When Keith compiled and gave me this list of the CMF 12 Scriptures that were discerned during the Sunday school hour I was curious about some of the discussion that happened and why certain scriptures were chosen.  One of Keith’s observations was that the choice of the Ten Commandments was a popular one among the children who participated.  It does not necessarily represent an adult choice of a scripture that falls into the top 12, but, if we include children, it qualifies as one of the finalists.  Keith also commented, and I had to agree, that he thought this was kind of cool, that the younger ones among us have their voices register in the outcome of the process.  And, they do have a point on this one.  The Ten Commandments are one of the few passages in the Hebrew Scriptures that appear twice, once in Exodus, chapter 20, and again in Deuteronomy, chapter five.  Apparently the younger people learned something from their parents and their teachers, that when something gets repeated, it means you’re supposed to pay attention.

This choice by young people also brings up another point.  We tend of think of this as legal material, embedded in the Torah with its various laws and regulations, commandments, decrees, and sets of social guidelines for the people of Israel.  Biblical scholar Dennis Olson puts a different spin on this.  In a book about Deuteronomy, he suggests that the Ten Commandments, introduced toward the beginning, in chapter five, provide an outline for the following chapters 6-28.  In other words, the following chapters of Deuteronomy serve as commentary and expansions of each of the Ten Commandments, in the order they are given, such that the Ten Commandments serve somewhat as chapter titles for the material that follows.  And Olson makes this observation: “These expansions and interpretations…suggest that Deuteronomy understands the law and commandments primarily in the context not of a courtroom but of a classroom…Deuteronomy is more a catechetical book than a law book.  Elders, teachers, and parents are to use the book more than lawyers and judges.  Deuteronomy is primarily aimed at a new generation in need of growth and maturity.”  (Deuteronomy and the Death of Moses, p. 44)

I find this to be a refreshing way of thinking about the Ten Commandments and it seems to say that our kids get this intuitively, and that a few of our congressman don’t quite get it.  It is How to Be Human 101. Like other lists and collections in the Bible – the Beattitudes of Jesus in Matthew, the fruits of the Spirit in Galatians, the armor of God in Ephesians – these are meant to be basic teaching tools for spiritual and character formation about what it means to be a human being.

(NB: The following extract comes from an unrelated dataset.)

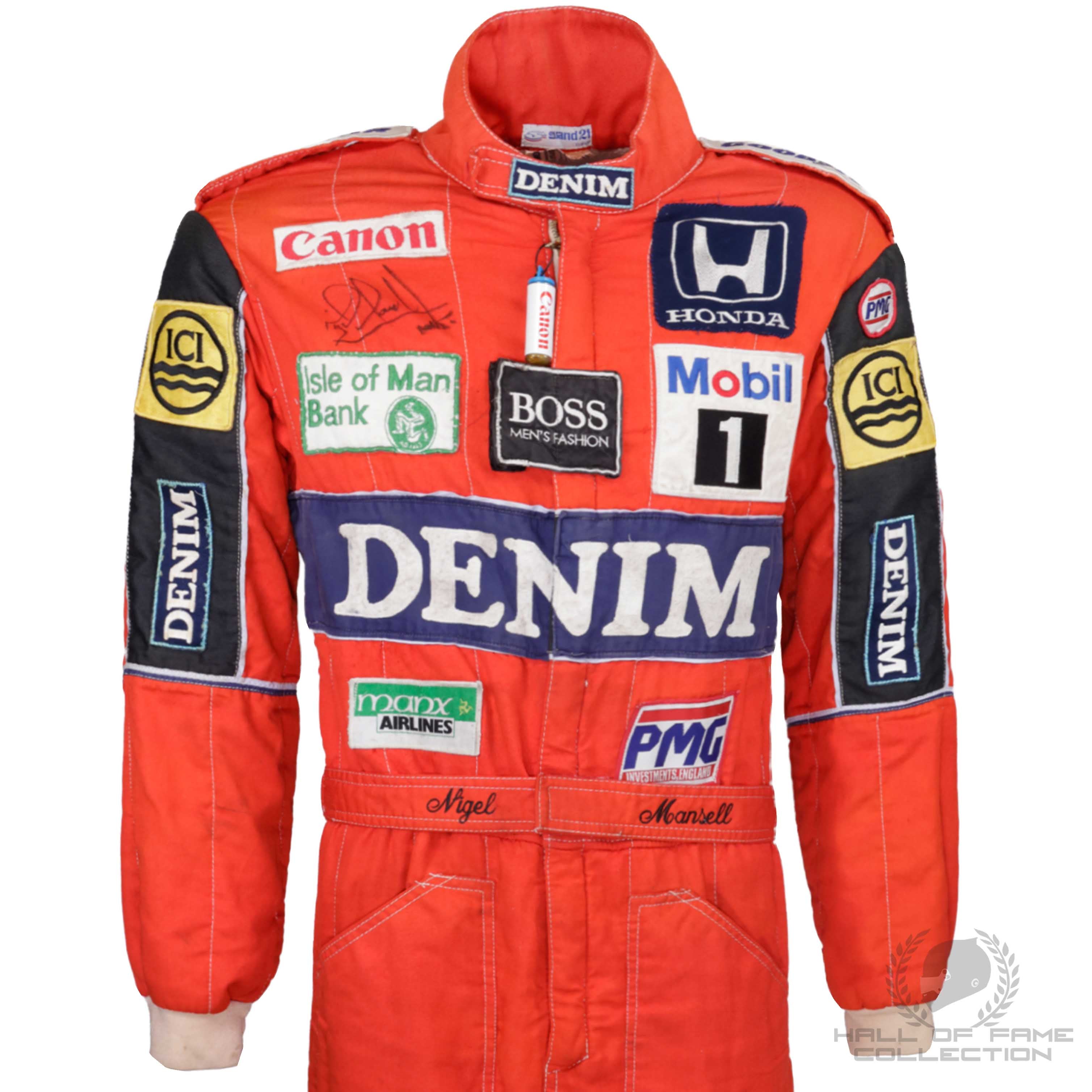 1986 Nigel Mansell Signed And Used Canon Williams Honda Team F1 Suit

Abbie and I have just come back from a week at the Abbey of Gethsemani, where the monks have committed to a life of stability, work, and contemplation.  This is the same place where I began my Sabbatical last summer and I remember sharing with you after returning from there that my first few days that I was there I found myself feeling sorry for these monks.  Here I was, able to read and sleep – and leave – at my leisure, choosing to join or not join the monks during any of their seven daily prayer times.  But they were trapped.  They had surrendered their freedoms through their monastic vows.  It took me a couple days to accept the potential freedom of their calling that they could experience at Gethsemani, perfectly captured in those words of the young Thomas Merton as he was first entering the order, calling the place “the four walls of my new freedom.”

This brings us back to the Jewish understanding of these Ten Words, that elusive tenth commandment, which for them is the first on the list.  Exodus 20 begins this way: “God spoke all these words, saying: I am the Lord your God who brought you out of the land of Egypt, the house of bondage: You shall have no other gods before me.”  In the Jewish mind, two of the ten words have already been given at this point.  The first Word, which we typically don’t include, because it’s not a commandment at all is this: “I am the Lord your God, who brought you out of the land of Egypt, the house of bondage.”

The first Word is a statement of freedom and grace.  Of deliverance from bondage.  Recalling an act of God which brought an enslaved people out of slavery, to form a completely new community, based not on Pharoah’s economy of domination, but based on an economy of generosity, abundance, and the gift of enough.  Framed in this way, the other nine words offer graceful insights into how to be free.

What the ten commandments offer, as an invitation and as a warning, is a way to remain free from the slaveries of our own choosing.  “I am the Lord your God, who brought you out of Egypt, out of the house of slavery.”  The whole point, is radical freedom.  And yet, there is an awareness here, that after having been delivered from Egypt, from whatever bondage we have been a part of, we easily enter back into voluntary bondage.  We can become enslaved by allowing something like money or status to control our lives – you shall have no other gods, but God.  We can become enslaved to busyness and productivity and quantifiable measurable results.  Remember the Sabbath day, and keep it holy.  Cease from work and allow all those around you even your animals, to cease from work.  Because in Egypt, you had no rest, but you’re not in Egypt anymore.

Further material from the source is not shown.